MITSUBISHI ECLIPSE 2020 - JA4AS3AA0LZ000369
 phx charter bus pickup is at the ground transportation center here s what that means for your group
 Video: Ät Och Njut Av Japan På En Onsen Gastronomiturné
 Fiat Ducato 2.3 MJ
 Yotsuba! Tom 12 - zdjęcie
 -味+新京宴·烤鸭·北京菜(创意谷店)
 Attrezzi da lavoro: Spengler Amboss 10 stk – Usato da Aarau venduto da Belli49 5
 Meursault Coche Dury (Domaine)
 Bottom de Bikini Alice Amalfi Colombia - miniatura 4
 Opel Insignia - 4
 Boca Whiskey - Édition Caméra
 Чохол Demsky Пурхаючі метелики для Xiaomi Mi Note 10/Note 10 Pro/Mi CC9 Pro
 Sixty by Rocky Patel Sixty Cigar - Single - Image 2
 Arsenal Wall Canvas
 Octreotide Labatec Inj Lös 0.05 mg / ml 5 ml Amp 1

☆ ☆ ☆ ☆ ☆

> **EXERCISE BRIEF**
Please output, exactly, the lines of the listing from the one containing "Чохол Demsky Пурхаючі" through the last, inclusive, and no other lines.

> **RESULT OF THE TASK**
 Чохол Demsky Пурхаючі метелики для Xiaomi Mi Note 10/Note 10 Pro/Mi CC9 Pro
 Sixty by Rocky Patel Sixty Cigar - Single - Image 2
 Arsenal Wall Canvas
 Octreotide Labatec Inj Lös 0.05 mg / ml 5 ml Amp 1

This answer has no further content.